» ACTIVITY:
Repeat the lines from the one containing "antique cast iron urns and pedestals" through the end of the listing exactly, both ends included. Do not carry over any pictures.

» INPUT:
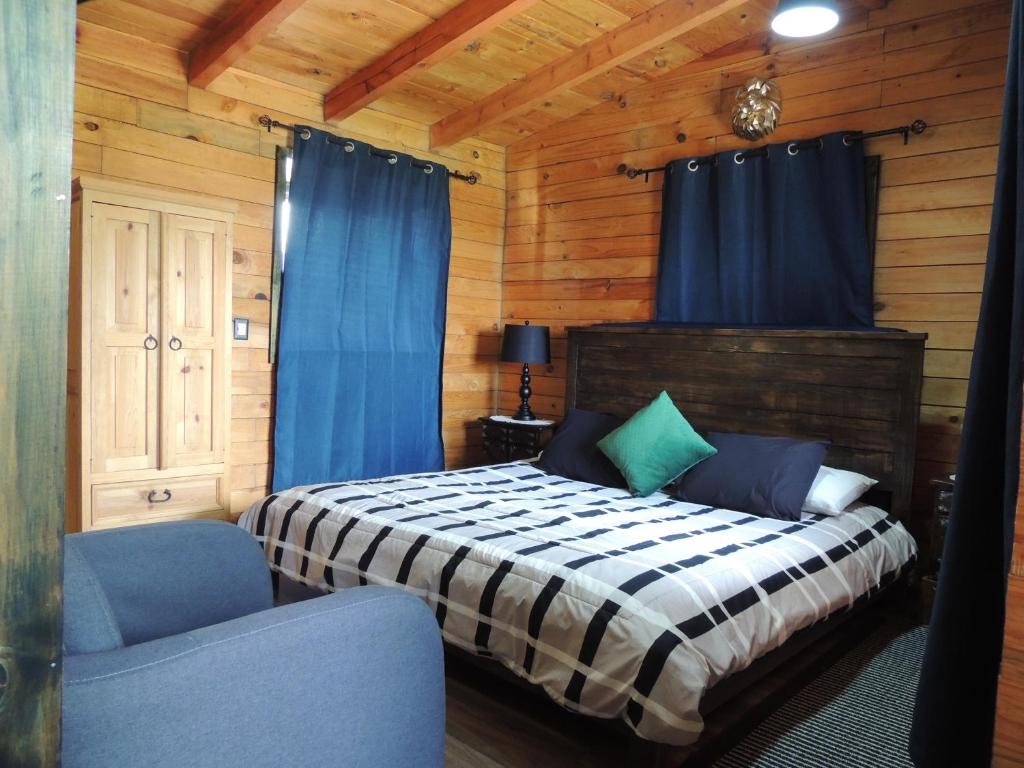 Postel nebo postele na pokoji v ubytování Cabañas Big Mountain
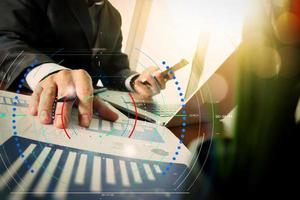 businessman hand working with new modern computer and business strategy documents with green plant foreground on wooden desk in office photo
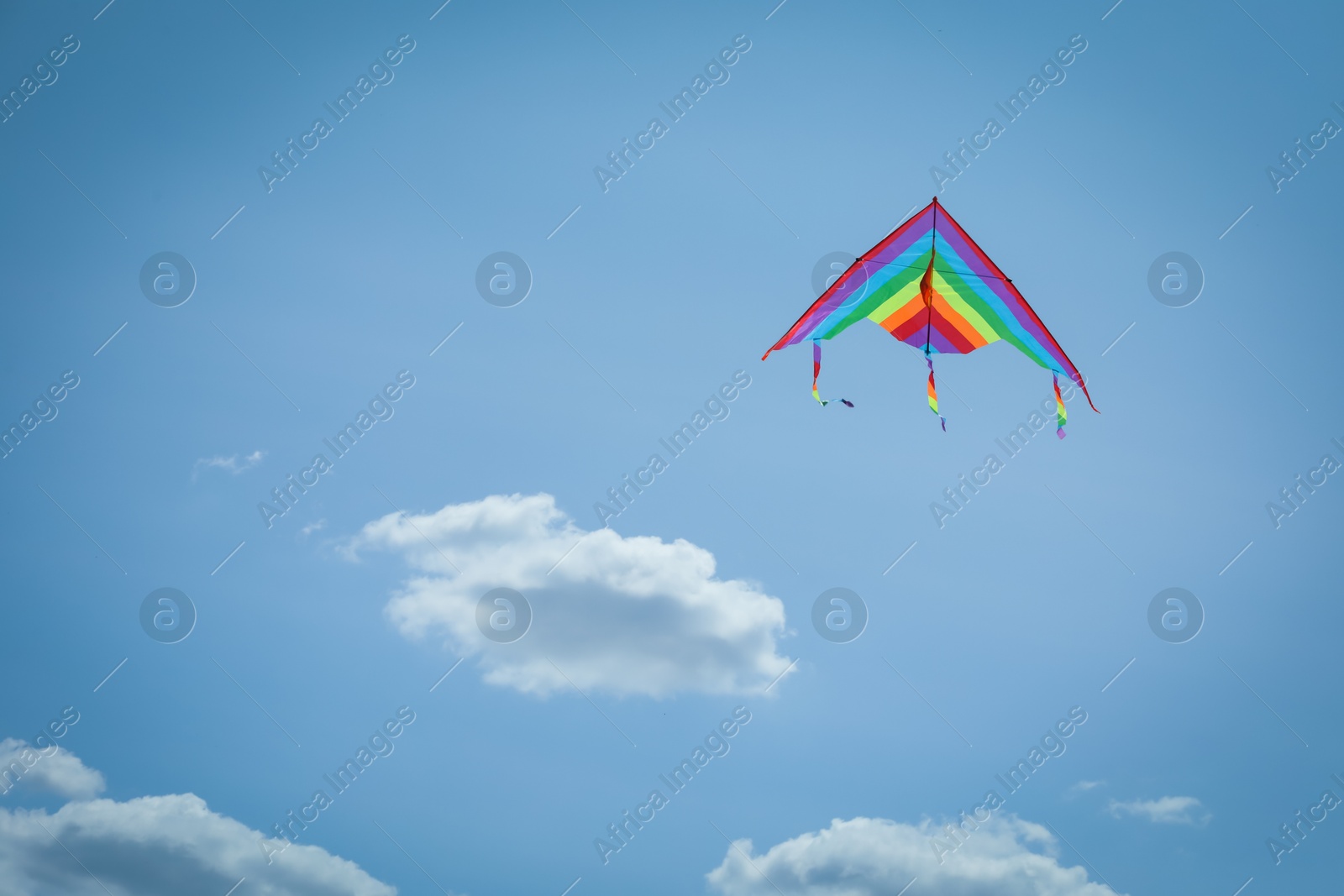 Colorful kite flying in blue sky, low angle view. Space for text Photo of Colorful kite flying in blue sky, low angle view. Space for text
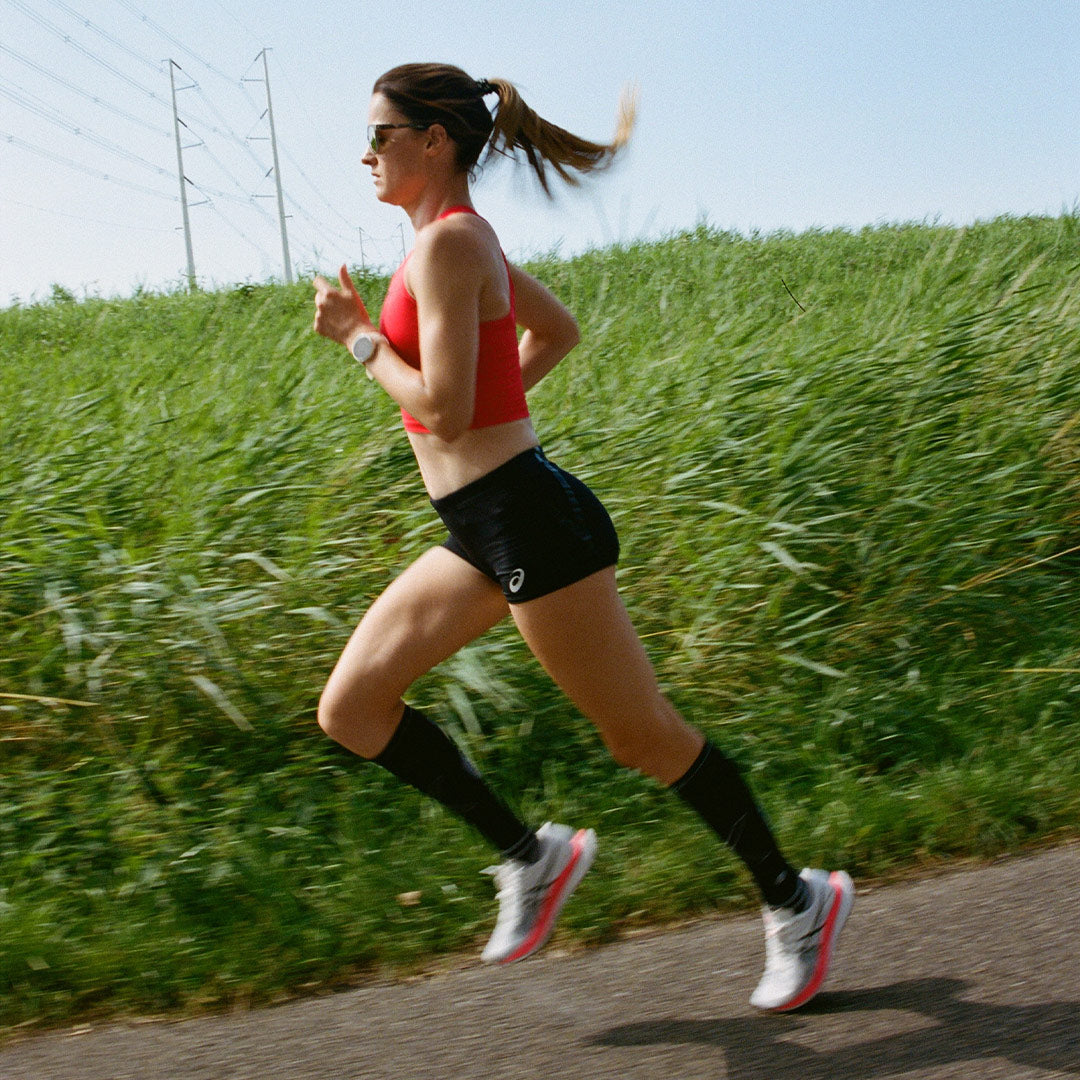 Woman running in full motion with green plants behind her. 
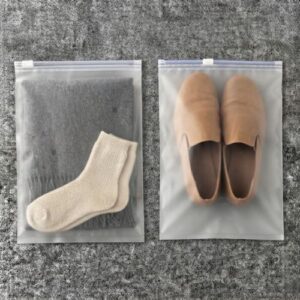 Frosted translucent reusable zip lock bags for clothes, garments, shoes, travel storage, and packaging.
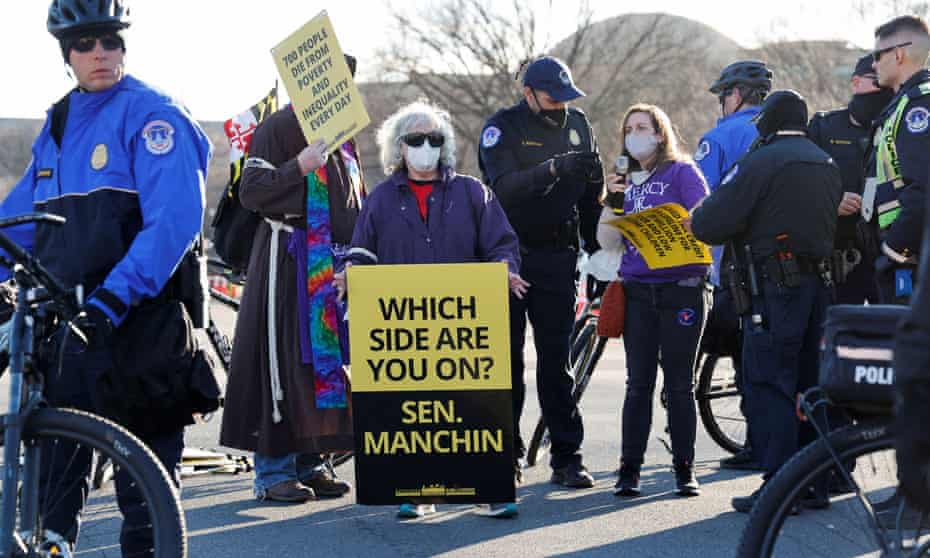 A woman holds a sign reading "Which side are you on? Sen Manchin" during a protest.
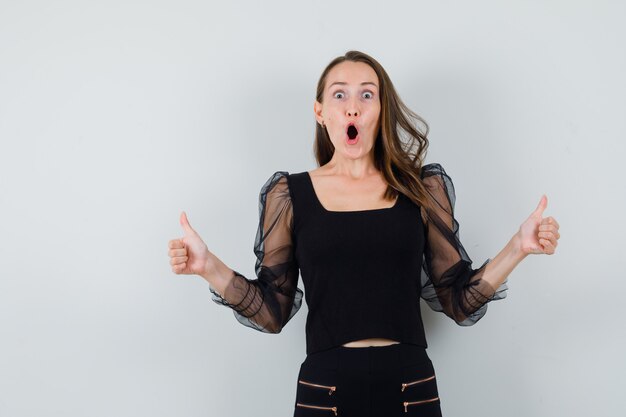 Young woman showing double thumbs up in black blouse and black pants and looking happy. front view.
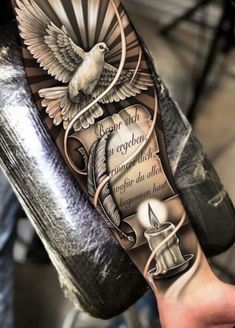 an arm tattoo with a dove and some words on it, as well as a candle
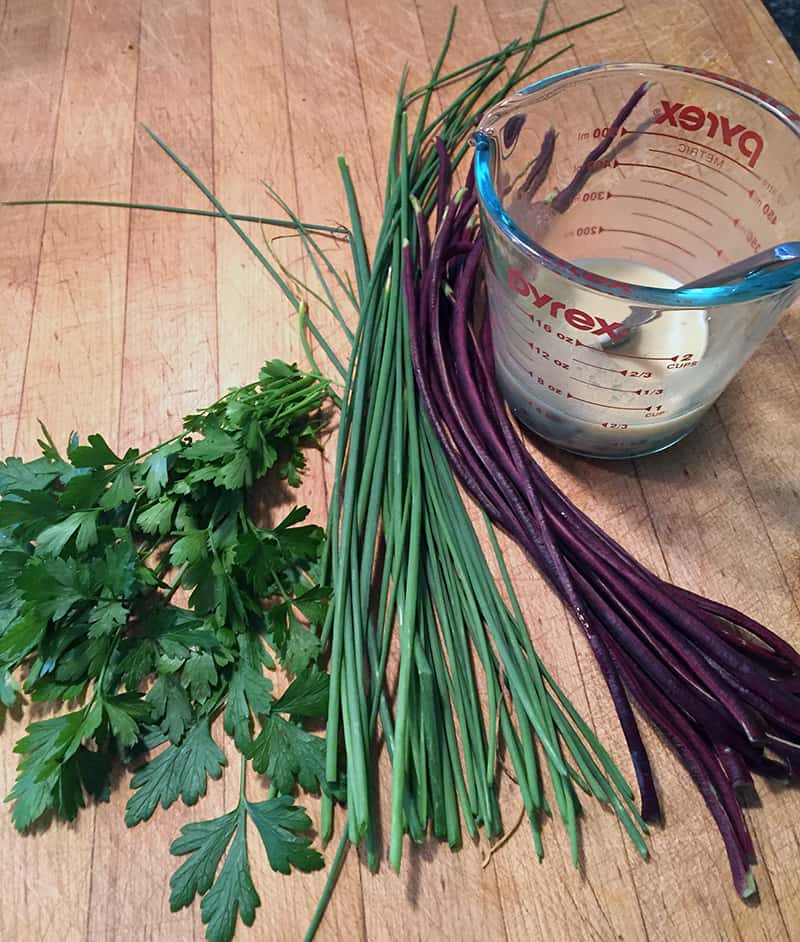 chives on a cutting board with red noodle beans and cilantro, ready to make into a stir-fry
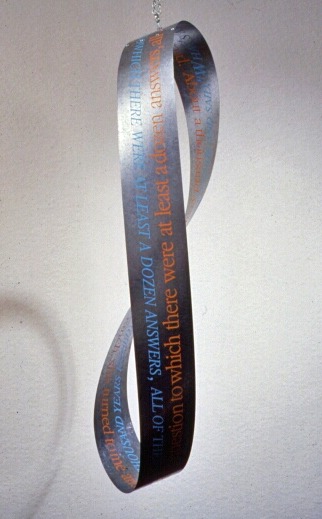 Noir moebius, 1991-4: Galvanized steel moebius strip, text silkscreened in two directions along edges, chain.
Meanwhile, back at the ranch, she turned to me and asked, “what’s someone like you doing in a story like this?” I handed her my card. About a thousand years passed, as her eyebrows worked themselves into a question to which there were at least a dozen answers-- all of them, dead wrong.
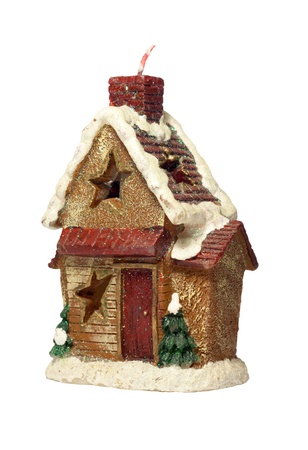 Candle in the form of a small house on a white backgroundの写真素材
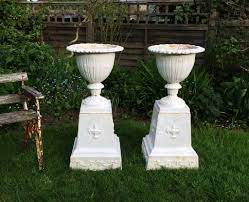 antique cast iron urns and pedestals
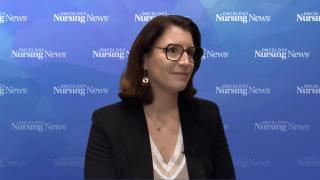 Image of a woman in front of a blue Oncology Nursing News-branded backdrop.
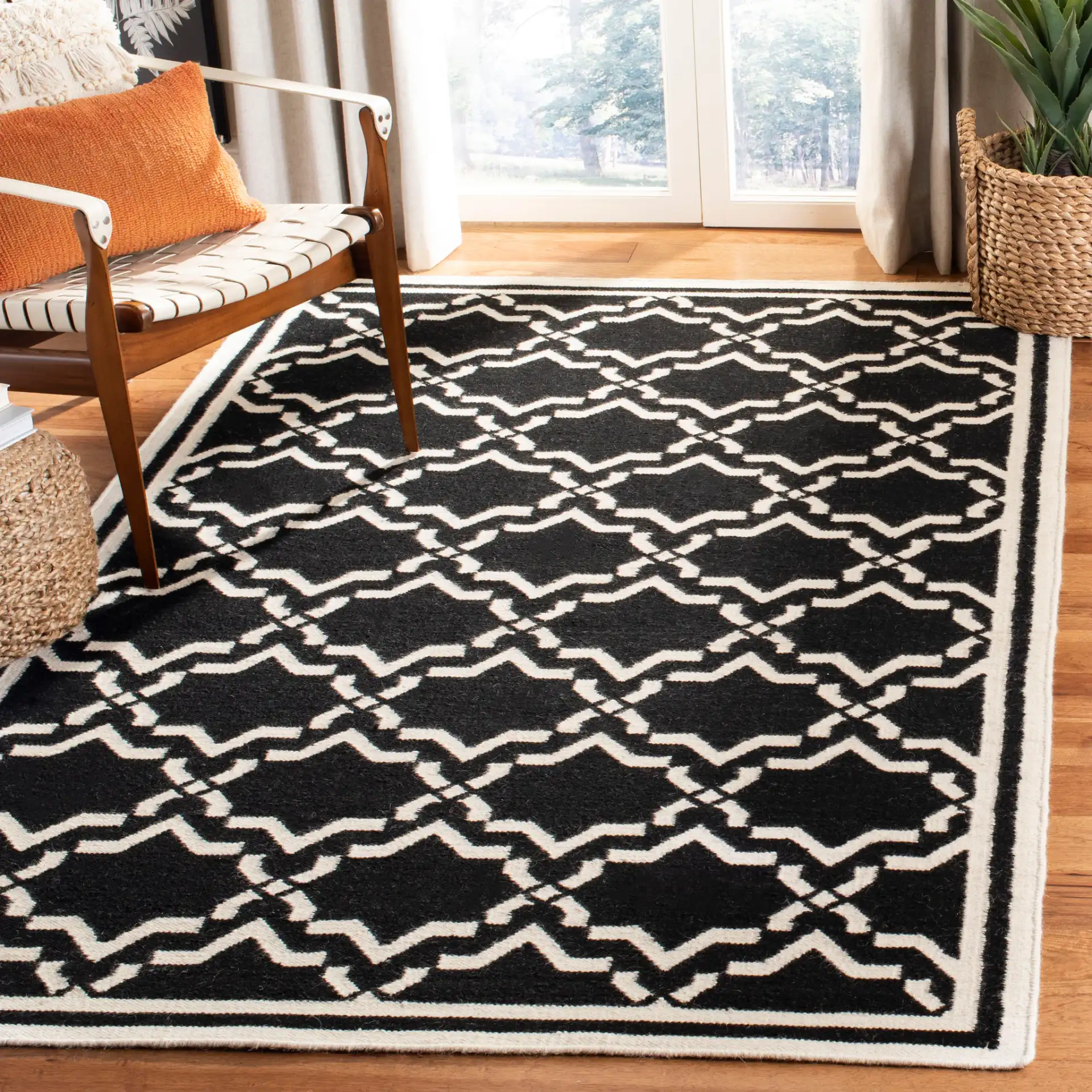 Dhurries Bordered Geometric Trellis Hand-Woven Rug in Black / Ivory in a styled room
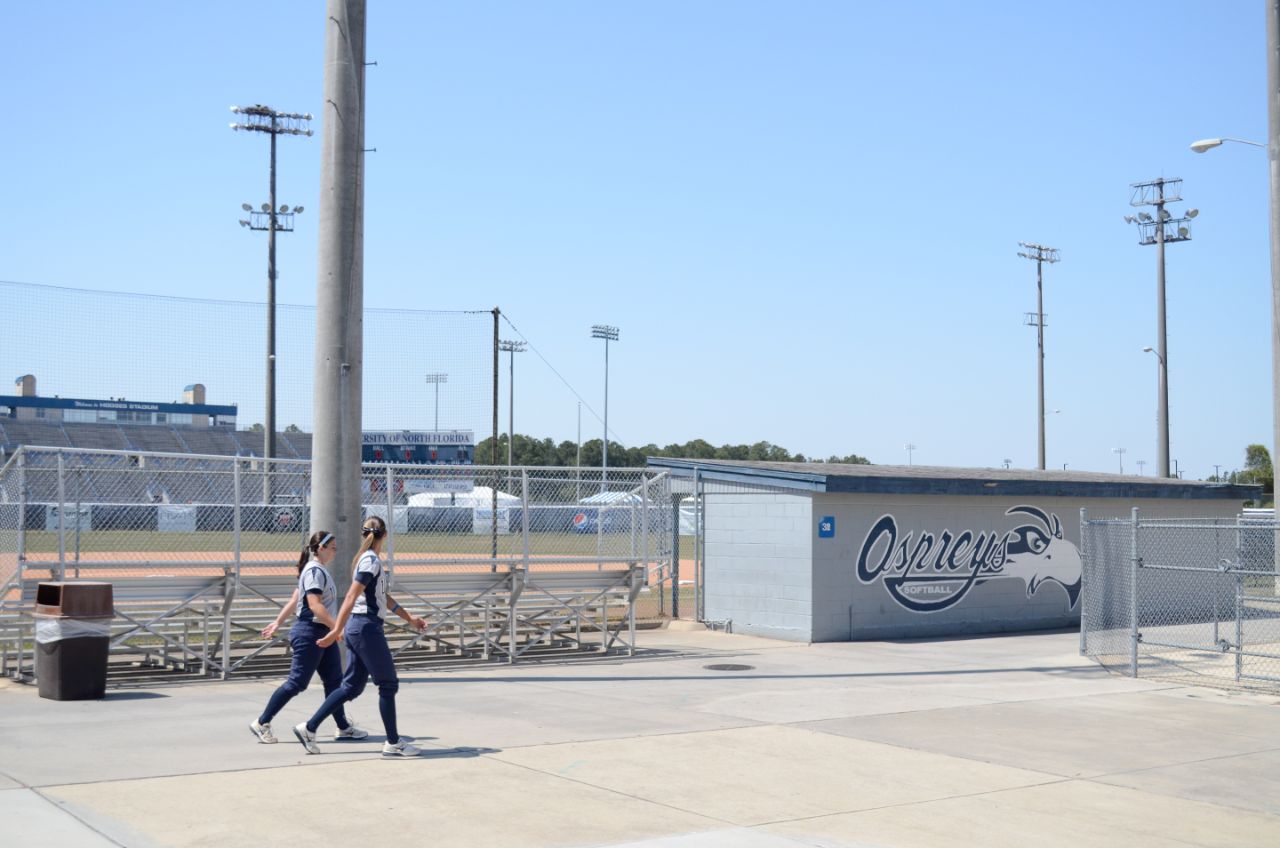 Two female students in blue and gray softball uniforms walk behind the metal bleachers facing a softball field; gray painted concrete dugout is to the right.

» SOLUTION BELOW:
 antique cast iron urns and pedestals
 Image of a woman in front of a blue Oncology Nursing News-branded backdrop.
 Dhurries Bordered Geometric Trellis Hand-Woven Rug in Black / Ivory in a styled room
 Two female students in blue and gray softball uniforms walk behind the metal bleachers facing a softball field; gray painted concrete dugout is to the right.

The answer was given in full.